# EXERCISE:
Produce as output only the lines below starting at the line with "Desert Tortoise, Construction" and continuing through the line with "Blumen Edelweiß Bad Hersfeld", each one exactly as written.

***** INPUT DATA

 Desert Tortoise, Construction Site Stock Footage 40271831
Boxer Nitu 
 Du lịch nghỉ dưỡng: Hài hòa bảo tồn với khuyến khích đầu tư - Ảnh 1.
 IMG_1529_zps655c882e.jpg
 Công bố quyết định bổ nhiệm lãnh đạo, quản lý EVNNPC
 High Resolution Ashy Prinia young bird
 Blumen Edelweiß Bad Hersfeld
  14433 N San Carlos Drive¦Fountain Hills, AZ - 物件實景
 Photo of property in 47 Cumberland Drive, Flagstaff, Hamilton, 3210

**********
***** INPUT DATA

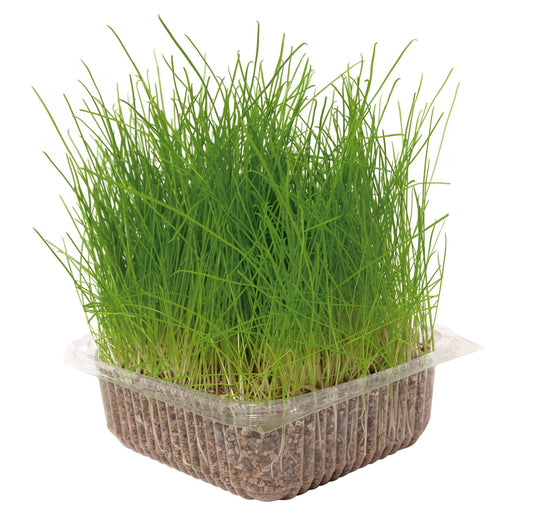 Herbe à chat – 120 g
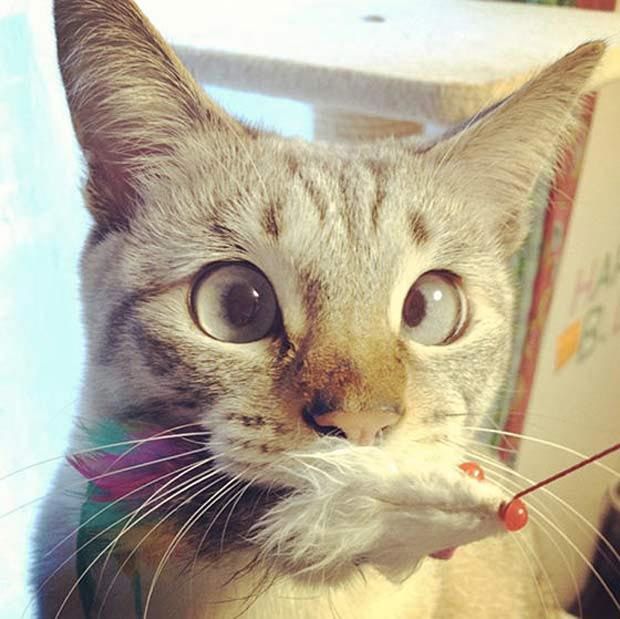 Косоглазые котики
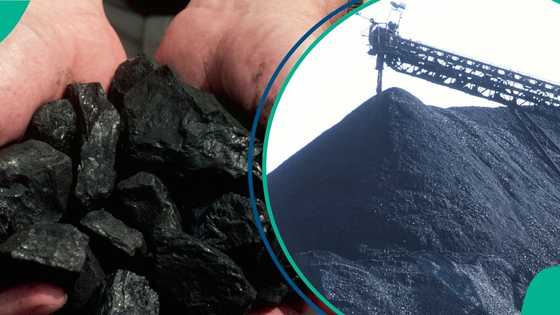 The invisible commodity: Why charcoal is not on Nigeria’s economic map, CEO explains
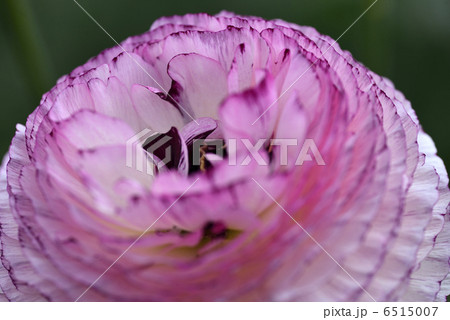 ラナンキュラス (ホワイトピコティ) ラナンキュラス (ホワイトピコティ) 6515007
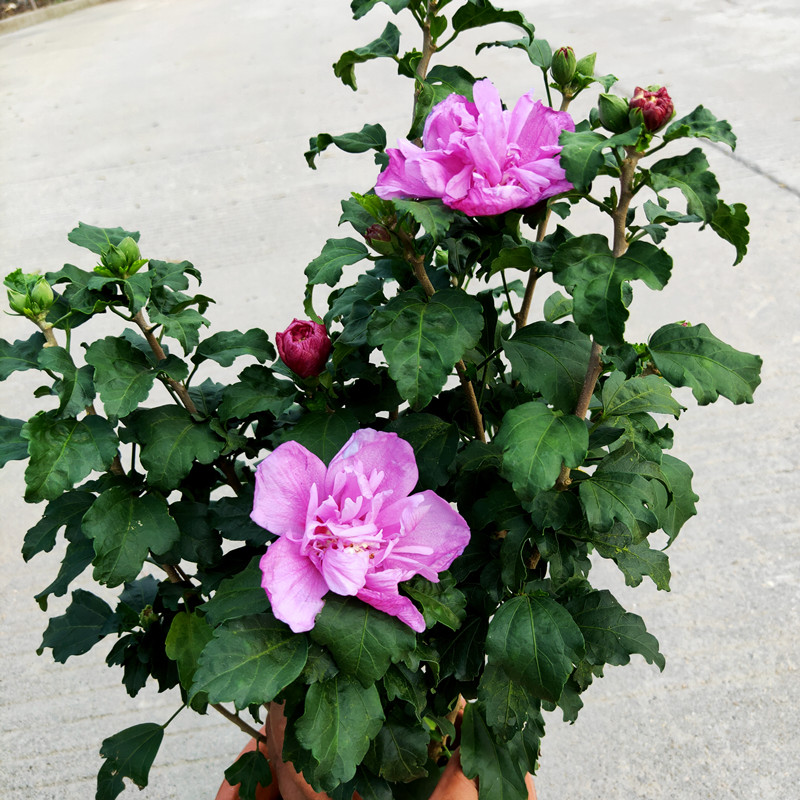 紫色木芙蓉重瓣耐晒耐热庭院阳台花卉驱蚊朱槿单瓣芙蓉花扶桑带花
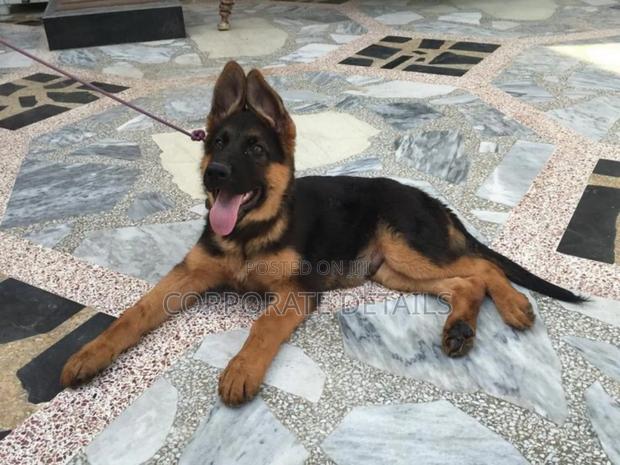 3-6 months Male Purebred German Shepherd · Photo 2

**********

# OUTPUT:
 Desert Tortoise, Construction Site Stock Footage 40271831
Boxer Nitu 
 Du lịch nghỉ dưỡng: Hài hòa bảo tồn với khuyến khích đầu tư - Ảnh 1.
 IMG_1529_zps655c882e.jpg
 Công bố quyết định bổ nhiệm lãnh đạo, quản lý EVNNPC
 High Resolution Ashy Prinia young bird
 Blumen Edelweiß Bad Hersfeld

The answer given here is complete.